__WORK ITEM__. A single number is required: the count of lines in the records below that contain the word "Accessories".

[Crawled caption data]
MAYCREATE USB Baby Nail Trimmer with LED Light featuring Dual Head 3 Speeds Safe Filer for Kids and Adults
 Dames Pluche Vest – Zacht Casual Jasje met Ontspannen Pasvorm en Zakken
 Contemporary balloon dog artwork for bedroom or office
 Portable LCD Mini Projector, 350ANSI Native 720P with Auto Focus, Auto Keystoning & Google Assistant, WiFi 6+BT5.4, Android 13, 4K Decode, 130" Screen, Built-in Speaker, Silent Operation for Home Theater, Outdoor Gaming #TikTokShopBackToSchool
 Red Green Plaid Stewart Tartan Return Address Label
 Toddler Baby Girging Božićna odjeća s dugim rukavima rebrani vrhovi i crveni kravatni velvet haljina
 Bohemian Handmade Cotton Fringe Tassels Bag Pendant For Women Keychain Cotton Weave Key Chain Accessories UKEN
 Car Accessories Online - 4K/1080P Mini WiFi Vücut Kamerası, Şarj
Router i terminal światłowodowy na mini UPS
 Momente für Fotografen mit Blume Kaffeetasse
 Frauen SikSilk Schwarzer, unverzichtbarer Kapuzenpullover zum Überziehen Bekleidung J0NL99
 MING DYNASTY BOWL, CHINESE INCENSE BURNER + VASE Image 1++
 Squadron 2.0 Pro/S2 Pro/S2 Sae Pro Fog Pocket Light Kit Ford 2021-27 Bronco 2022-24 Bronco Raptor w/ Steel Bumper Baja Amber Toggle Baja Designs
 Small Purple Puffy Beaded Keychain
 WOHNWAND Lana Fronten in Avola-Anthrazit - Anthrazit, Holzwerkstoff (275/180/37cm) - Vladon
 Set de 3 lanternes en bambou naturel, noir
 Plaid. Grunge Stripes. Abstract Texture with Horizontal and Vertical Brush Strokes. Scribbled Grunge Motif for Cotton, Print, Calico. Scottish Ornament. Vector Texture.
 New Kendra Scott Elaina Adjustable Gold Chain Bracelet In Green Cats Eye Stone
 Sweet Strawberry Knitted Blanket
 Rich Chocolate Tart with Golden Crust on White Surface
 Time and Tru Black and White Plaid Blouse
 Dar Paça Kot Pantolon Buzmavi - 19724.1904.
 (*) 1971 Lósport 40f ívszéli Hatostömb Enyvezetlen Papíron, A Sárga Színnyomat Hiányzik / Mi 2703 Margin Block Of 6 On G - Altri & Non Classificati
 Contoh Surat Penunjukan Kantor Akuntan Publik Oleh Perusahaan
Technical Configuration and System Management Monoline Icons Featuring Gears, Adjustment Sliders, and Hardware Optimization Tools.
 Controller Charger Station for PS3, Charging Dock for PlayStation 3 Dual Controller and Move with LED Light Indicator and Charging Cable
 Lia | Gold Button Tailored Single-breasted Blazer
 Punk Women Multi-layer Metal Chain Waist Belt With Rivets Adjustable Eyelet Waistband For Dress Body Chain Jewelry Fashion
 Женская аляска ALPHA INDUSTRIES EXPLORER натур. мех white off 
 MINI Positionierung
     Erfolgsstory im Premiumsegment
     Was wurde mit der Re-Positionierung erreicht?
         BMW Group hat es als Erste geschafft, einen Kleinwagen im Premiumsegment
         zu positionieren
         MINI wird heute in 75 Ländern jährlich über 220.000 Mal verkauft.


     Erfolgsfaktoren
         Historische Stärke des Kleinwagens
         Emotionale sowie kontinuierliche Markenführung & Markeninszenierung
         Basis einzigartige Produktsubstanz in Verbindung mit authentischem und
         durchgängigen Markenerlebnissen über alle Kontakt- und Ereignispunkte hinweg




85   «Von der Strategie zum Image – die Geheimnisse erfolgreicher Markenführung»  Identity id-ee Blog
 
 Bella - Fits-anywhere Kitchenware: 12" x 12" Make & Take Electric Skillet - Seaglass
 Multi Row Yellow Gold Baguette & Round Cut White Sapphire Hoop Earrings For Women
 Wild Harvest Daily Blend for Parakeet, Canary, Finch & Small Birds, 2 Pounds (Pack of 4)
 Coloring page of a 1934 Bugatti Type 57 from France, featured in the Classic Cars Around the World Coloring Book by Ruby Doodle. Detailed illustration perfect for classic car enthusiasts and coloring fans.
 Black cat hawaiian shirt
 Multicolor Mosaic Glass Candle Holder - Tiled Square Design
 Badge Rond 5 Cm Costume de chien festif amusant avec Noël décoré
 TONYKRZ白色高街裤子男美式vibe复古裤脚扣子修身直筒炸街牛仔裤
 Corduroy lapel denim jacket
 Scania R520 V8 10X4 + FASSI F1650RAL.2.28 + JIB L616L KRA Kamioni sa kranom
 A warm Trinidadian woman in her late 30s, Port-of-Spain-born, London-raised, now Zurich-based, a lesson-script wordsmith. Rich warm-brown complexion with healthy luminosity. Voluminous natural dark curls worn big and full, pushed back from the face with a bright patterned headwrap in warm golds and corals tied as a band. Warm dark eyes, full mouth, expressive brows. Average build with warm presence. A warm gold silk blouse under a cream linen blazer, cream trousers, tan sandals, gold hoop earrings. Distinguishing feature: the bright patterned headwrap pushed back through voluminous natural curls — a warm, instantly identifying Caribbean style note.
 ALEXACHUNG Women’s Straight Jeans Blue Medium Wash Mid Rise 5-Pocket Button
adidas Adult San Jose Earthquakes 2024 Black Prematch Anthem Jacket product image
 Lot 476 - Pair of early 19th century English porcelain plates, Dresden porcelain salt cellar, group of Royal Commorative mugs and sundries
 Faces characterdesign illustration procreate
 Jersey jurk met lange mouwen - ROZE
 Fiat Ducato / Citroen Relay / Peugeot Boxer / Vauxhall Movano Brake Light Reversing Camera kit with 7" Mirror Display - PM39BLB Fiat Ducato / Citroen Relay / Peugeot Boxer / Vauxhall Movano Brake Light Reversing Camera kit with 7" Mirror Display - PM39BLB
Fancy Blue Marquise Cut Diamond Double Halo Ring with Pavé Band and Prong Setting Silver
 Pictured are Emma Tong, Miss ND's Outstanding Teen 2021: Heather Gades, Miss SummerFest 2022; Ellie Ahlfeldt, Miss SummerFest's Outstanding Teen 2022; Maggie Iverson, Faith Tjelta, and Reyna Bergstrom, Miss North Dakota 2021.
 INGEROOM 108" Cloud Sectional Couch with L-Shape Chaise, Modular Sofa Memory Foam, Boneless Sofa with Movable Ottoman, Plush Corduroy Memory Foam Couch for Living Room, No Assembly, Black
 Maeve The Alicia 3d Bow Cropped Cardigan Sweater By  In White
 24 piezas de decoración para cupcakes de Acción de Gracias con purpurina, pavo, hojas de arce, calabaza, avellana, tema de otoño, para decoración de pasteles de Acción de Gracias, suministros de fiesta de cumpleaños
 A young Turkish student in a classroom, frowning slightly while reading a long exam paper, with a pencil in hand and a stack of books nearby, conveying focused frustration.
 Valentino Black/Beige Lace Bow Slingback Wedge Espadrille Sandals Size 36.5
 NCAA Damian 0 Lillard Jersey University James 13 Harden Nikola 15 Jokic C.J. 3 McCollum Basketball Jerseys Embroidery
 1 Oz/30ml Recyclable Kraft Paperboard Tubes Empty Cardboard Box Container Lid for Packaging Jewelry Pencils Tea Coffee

__RESPONSE FOR THIS EXERCISE__. 2